January 14, 2020 - The China National Medical Products Administration has approved tislelizumab for use in combination with 2 chemotherapy regimens in the frontline treatment of patients with advanced squamous non–small cell lung cancer.
The China National Medical Products Administration (NMPA) has approved tislelizumab (BGB-A317) for use in combination with 2 chemotherapy regimens in the frontline treatment of patients with advanced squamous non–small cell lung cancer (NSCLC).1
The regulatory decision was based on data from the phase 3 BGB-A317-307 trial (NCT03594747) that were presented during the 2020 ASCO Virtual Scientific Program and showed that combining the anti–PD-1 inhibitor with chemotherapy in the frontline setting improved progression-free survival (PFS) versus chemotherapy alone in Chinese patients with advanced squamous NSCLC.2
Among participants with a PD-L1 expression of less than 1%, the median PFS with tislelizumab plus paclitaxel/carboplatin (arm A) was 7.6 months versus 5.5 months with paclitaxel/carboplatin alone (control arm; arm C; HR, 0.636; 95% CI, 0.368-1.101). In those who received tislelizumab plus nab-paclitaxel (Abraxane) plus carboplatin (arm B), the median PFS was 7.4 months (HR vs control, 0.692; 95% CI, 0.406-1.178).
In patient who had a PD-L1 expression between 1% and 49%, the median PFS was 7.6 months versus 4.2 months in arm A and arm C, respectively (HR, 0.439; 95% CI, 0.221-0.870). In arm B, the median PFS was not evaluable (HR vs control, 0.311; 95% CI, 0.145-0.664).
In those who had a PD-L1 expression of greater than 50%, the median PFS in arm A and arm C were 7.6 months versus 5.5 months, respectively (HR, 0.501; 95% CI, 0.282-0.891). In arm B, the median PFS was also 7.6 months (HR vs control, 0.425; 95% CI, 0.232-0.776).
“Lung cancer is the leading cause of cancer-related death in China, and with NSCLC comprising the most common form of the disease, there is significant patient need. We are grateful to have a new treatment available in the front-line setting for patients with advanced squamous NSCLC,” Jie Wang, MD, PhD, National Cancer Center/Cancer Hospital, Chinese Academy of Medical Sciences & Peking Union Medical College, stated in a press release. “In its phase 3 trial in this indication, tislelizumab combined with standard chemotherapy demonstrated a clinically meaningful benefit as assessed by PFS and response rates.”
The open-label, randomized, phase 3 trial enrolled a total of 360 patients from mainland China who had untreated stage IIIB/IV squamous NSCLC, irrespective of PD-L1 expression. The majority of patients, or 66.1%, had stage IV disease, while 33.9% had stage IIIB disease. The most frequently confirmed distant metastatic sites comprised the bone (16.9%), liver (12.2%), and brain (1.7%). With regard to PD-L1 expression, 40% had an expression of less than 1%, 25.3% had an expression between 1% and 49%, and 34.7% had an expression of greater than 50%.

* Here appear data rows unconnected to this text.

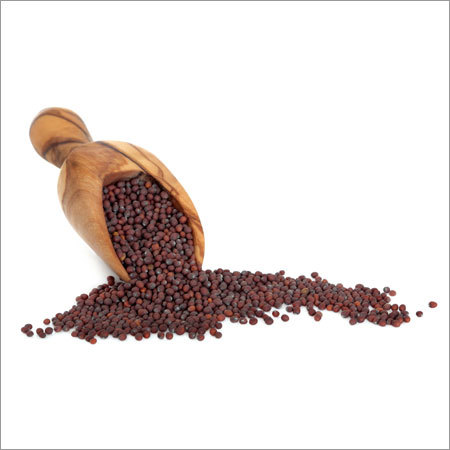 Black Mustard Seed Black Mustard Seed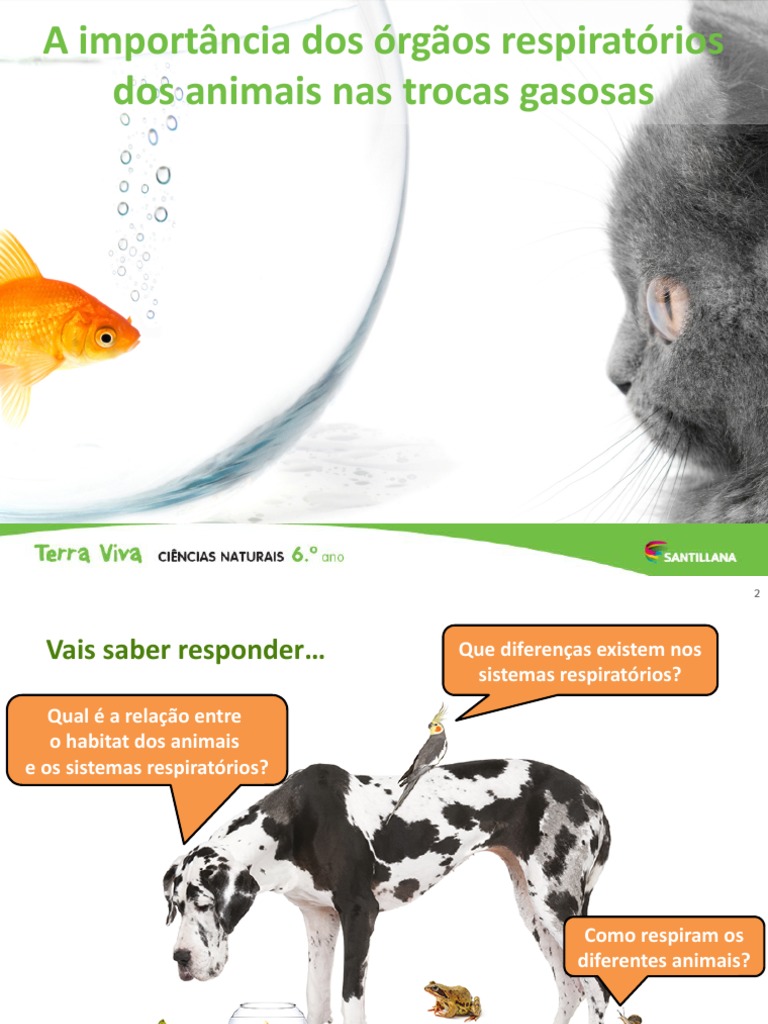 Sistemas Respiratórios Animais | PDF | Brânquia | Respiração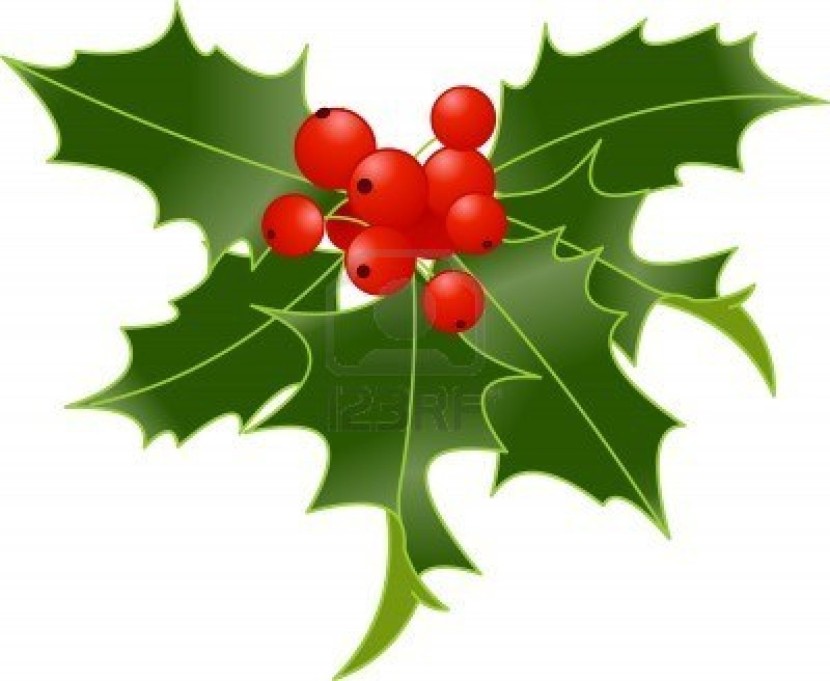 holly clip art free download - photo #1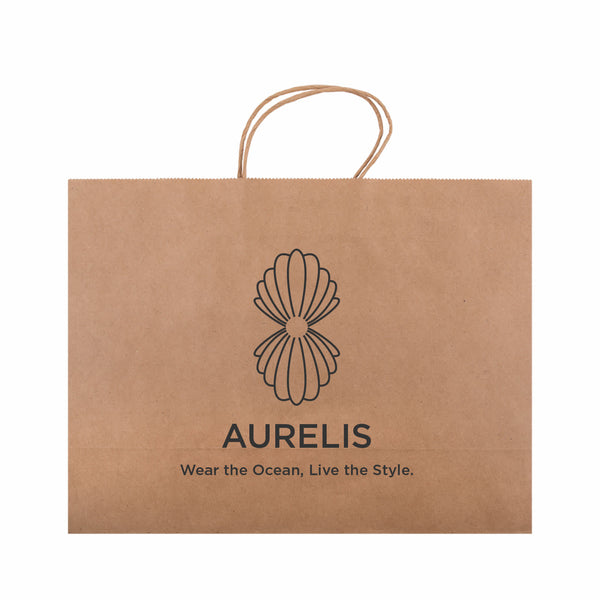 Express Paper Bag Extra Large [2-LL562]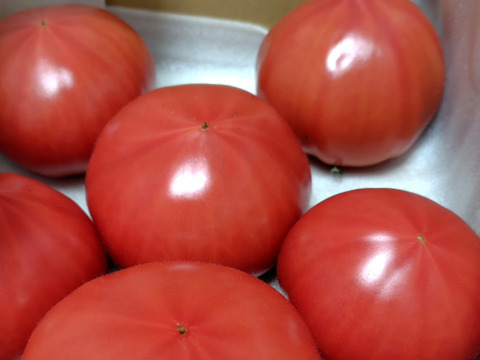 【完熟】あいちの伝統野菜『ファーストトマト』小箱約1kg　今や幻！酸味と旨味のバランス絶妙！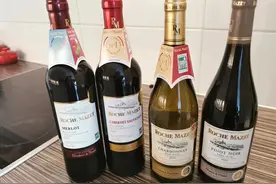 酒姑娘的2020 波尔多 同一酒庄的姐妹款 Roche Mazet图片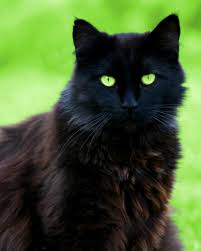 Black Baby Kittens With Green Eyes Black Cat With Green Eyes Fluffy Black Cat Cats Pretty Cats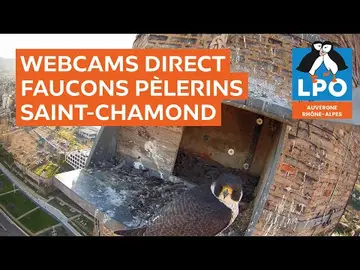Latest image of Webcam de surveillance d'un nid de faucons en haut d'une cheminée de Novaciérie.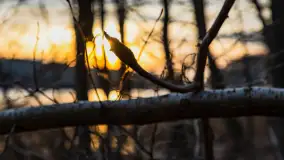 Zachód słońca nad jeziorem Siercze, luty 2023 - zdjęcie 34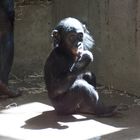 Bonobo Nachwuchs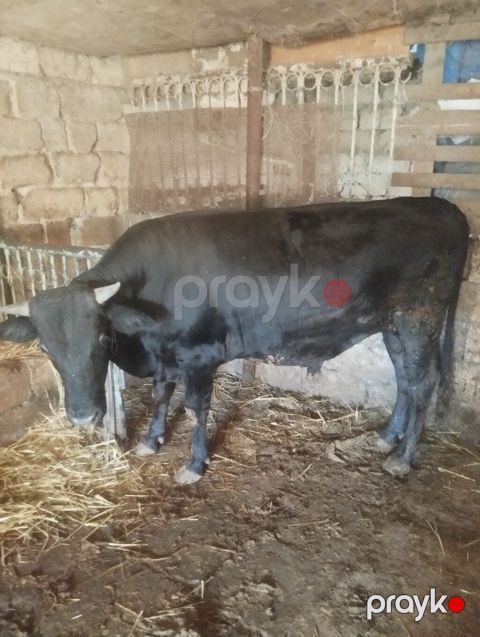 Erkəy dana satılır ünvan qobu kəndi 200 kilodur əlaqə saxlaya — Qobu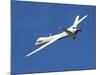 The Ikhana Unmanned Aircraft-Stocktrek Images-Mounted Photographic Print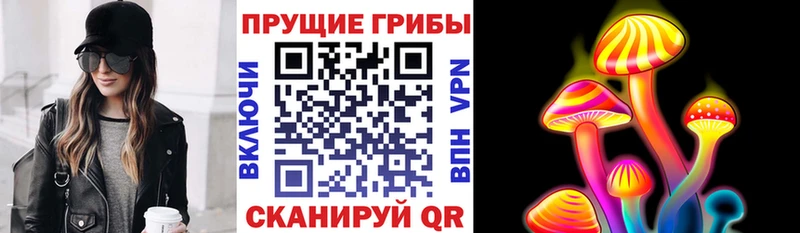 Купить  Северск  Галлюциногенные грибы мицелий 
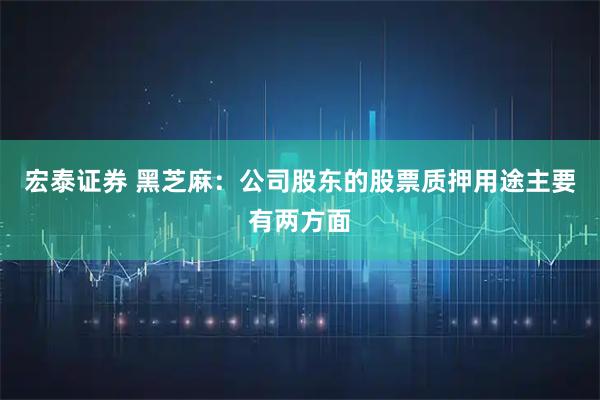 宏泰证券 黑芝麻：公司股东的股票质押用途主要有两方面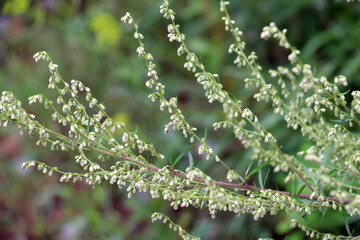 Wormwood (Artemisia vulgaris) grows in nature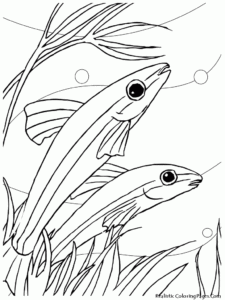 Jumping Fish Coloring Pages Coloring Home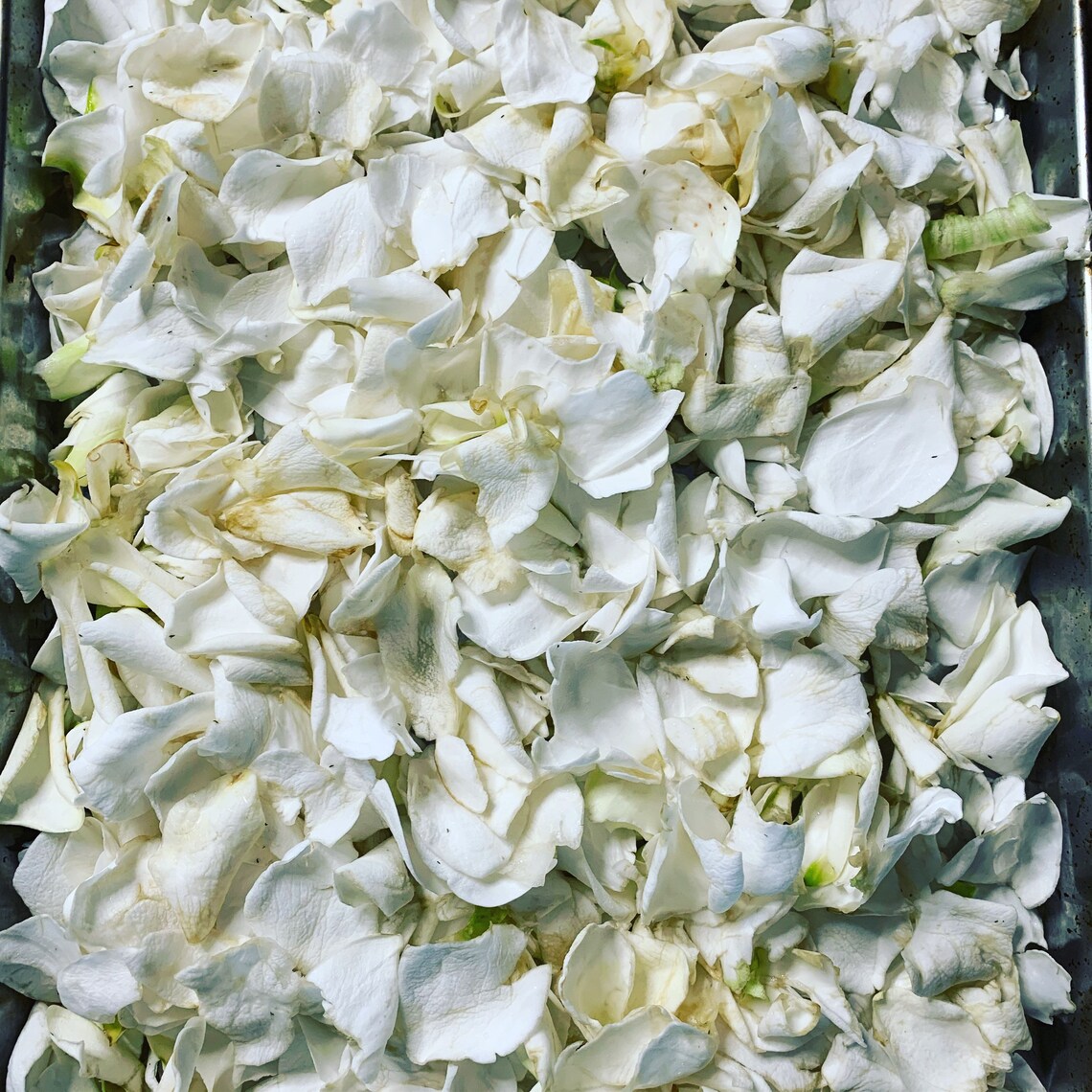 Dried Gardenia Petals Etsy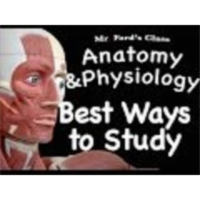 The Muscular System : Best Ways to Study the Muscular System(09:08)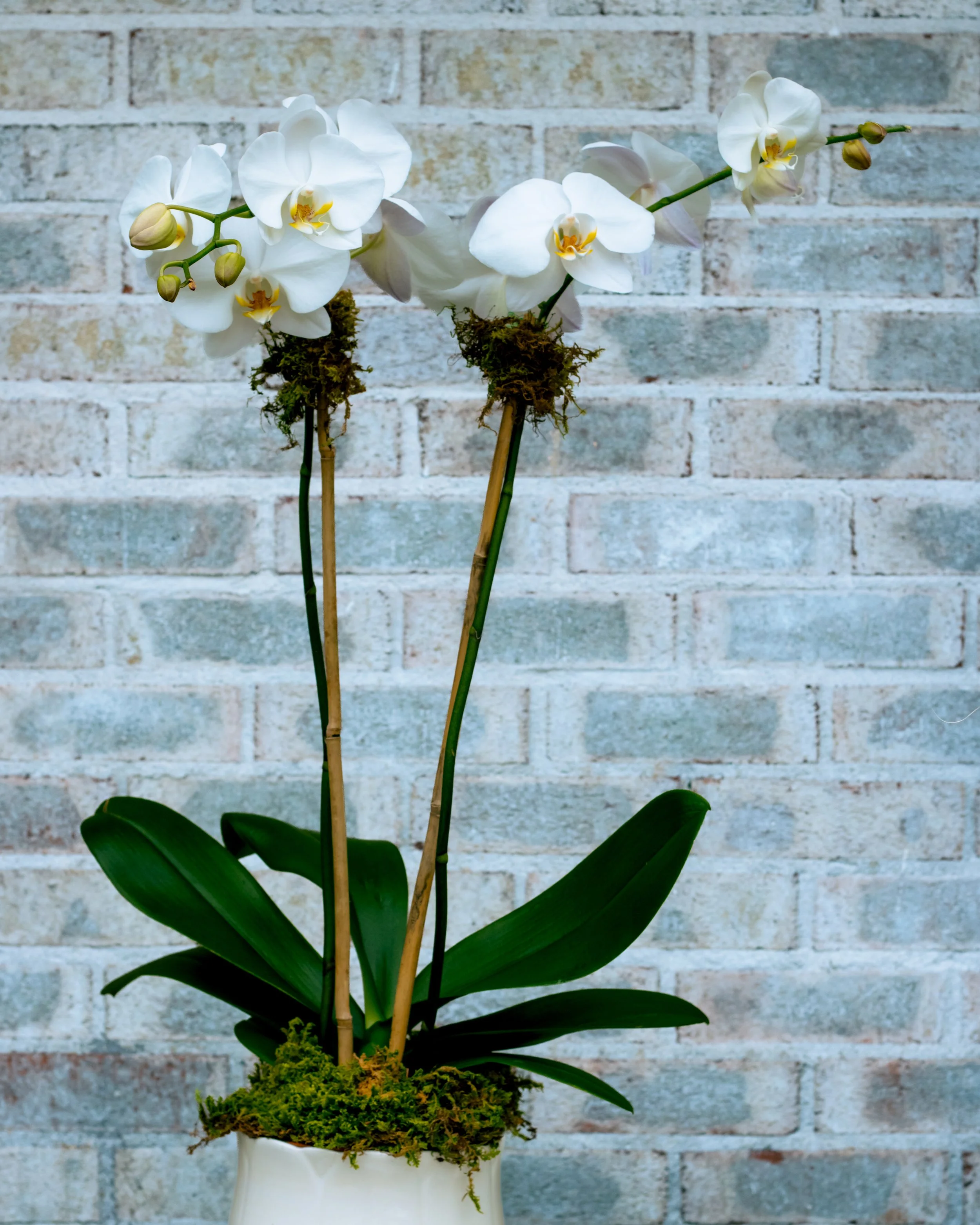 Orchid Arrangement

Participants were randomized 1:1:1 to 1 of 3 treatment arms. Patients in arm A were given tislelizumab at a dose of 200 mg every 3 weeks in combination with paclitaxel/carboplatin. Those in arm B received tislelizumab at the same dose/schedule plus nab-paclitaxel/carboplatin, while those in arm C just received paclitaxel/carboplatin alone. Paclitaxel, nab-paclitaxel, and carboplatin were given for 4 to 6 cycles. Tislelizumab was administered until either progressive disease, unacceptable toxicity, or discontinuation.
Notably, crossover was allowed if patients progressed on the control arm. The primary objective of the research was PFS, while secondary end points comprised objective response rate (ORR), duration of response, OS, and safety.
Additional data revealed an ORR of 73% in arm A, versus 75% and 50% in arm B and arm C, respectively. In arm A, the ORR consisted of a 4% complete response (CR) rate and a partial response (PR) rate of 68%; 15% of patients achieved stable disease with this regimen, while 10% experienced disease progression. In arm B, the ORR consisted of a CR rate of 3% and a PR rate of 72%, with 16% of patients experienced disease stability and 4% experiencing disease progression.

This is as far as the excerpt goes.